The Federal Reserve Board on Thursday released a prompt corrective action against Zia New Mexico Bank, Tucumcari, N.M. The $16.8 million- asset bank was ordered to increase its equity or find a buyer by Feb. 28. Zia New Mexico was also instructed to cut the interest rates it offers on deposit accounts and restrict the bonuses given to senior officers.
This order, signed Jan. 26, does not address another Fed action against the bank from last December. At that time, the bank's management was instructed to speed up its year-2000 preparations.
Separately, the Federal Deposit Insurance Corp. released two cease-and- desist orders.

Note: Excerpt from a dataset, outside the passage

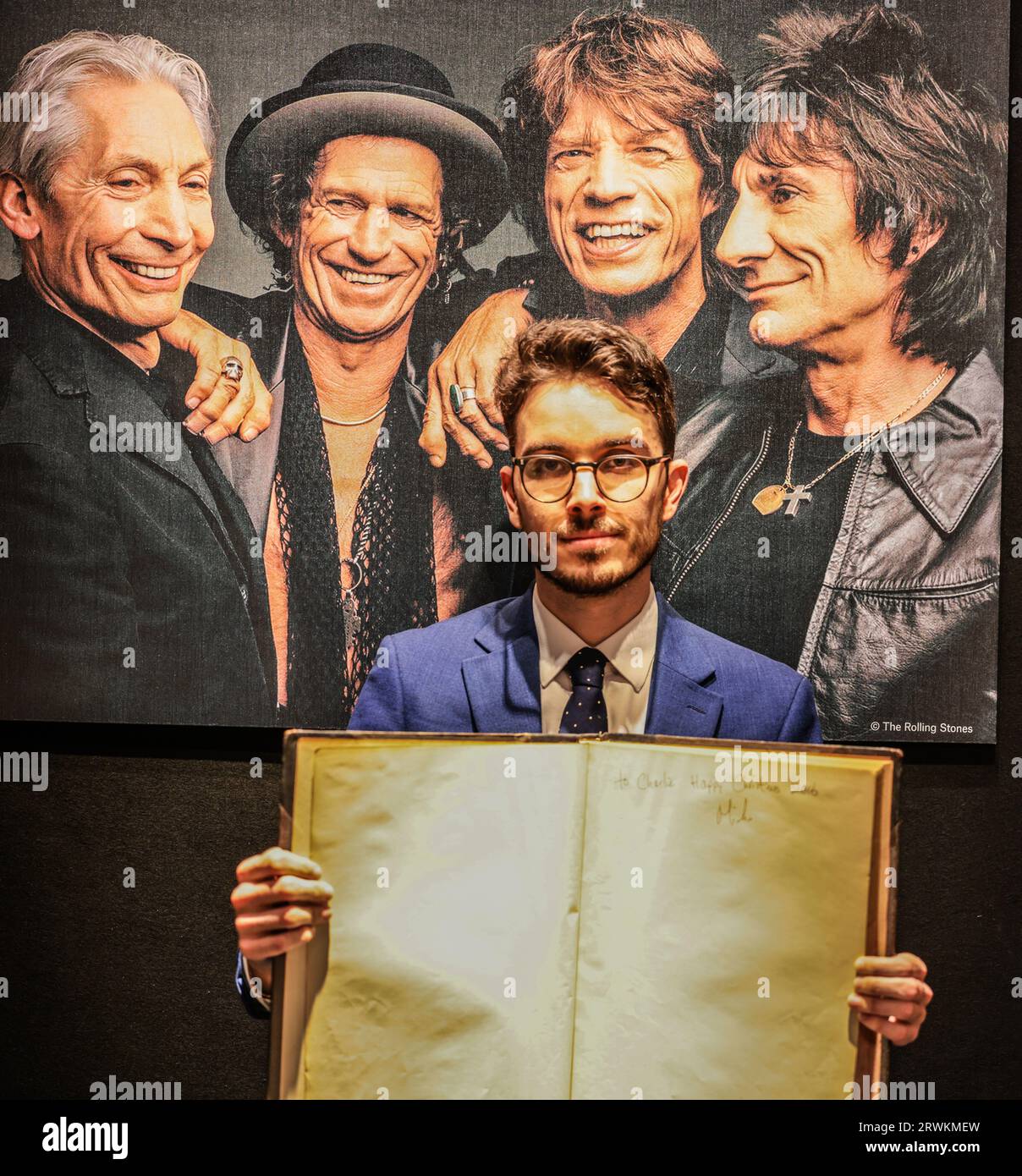 Londra, Regno Unito. 20 settembre 2023. Gustave Dore e Blanchard Jerrold, inciso bt Mick Jagger, Happy Christmas 2016 Charlie .asta comprendente una straordinaria biblioteca di prime edizioni moderne insieme a monumenti del mondo del jazz, raccolti dal rinomato musicista e batterista dei Rolling Stones Charlie Watts. 29 set 2023.Paul Quezada-Neiman/Alamy Live News Credit: Paul Quezada-Neiman/Alamy Live News Foto Stock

Bank of Honolulu was cited for operating with "inadequate internal routine and control policies" and without adequate capital. The agency also said the bank was "operating in such a manner as to produce operating losses."
The $93 million-asset bank was ordered to retain qualified management and boost its tier 1 capital to equal 8% of the bank's assets.
Bank of Honolulu is also instructed to add a fifth member to its board. The new director is not allowed to be a relative of another board member or an employee of the bank.
The FDIC also made public its order against Pacific Thrift and Loan Co. The order came only weeks after the $181 million-asset thrift had received a prompt corrective action order.
Though the prompt corrective order dealt only with Pacific's capital levels, the cease-and-desist also offered suggestions to improve the thrift's internal policies and management structure.
In a Dec. 31 press release, Pacific Thrift management said they were taking actions to comply with the terms of the order.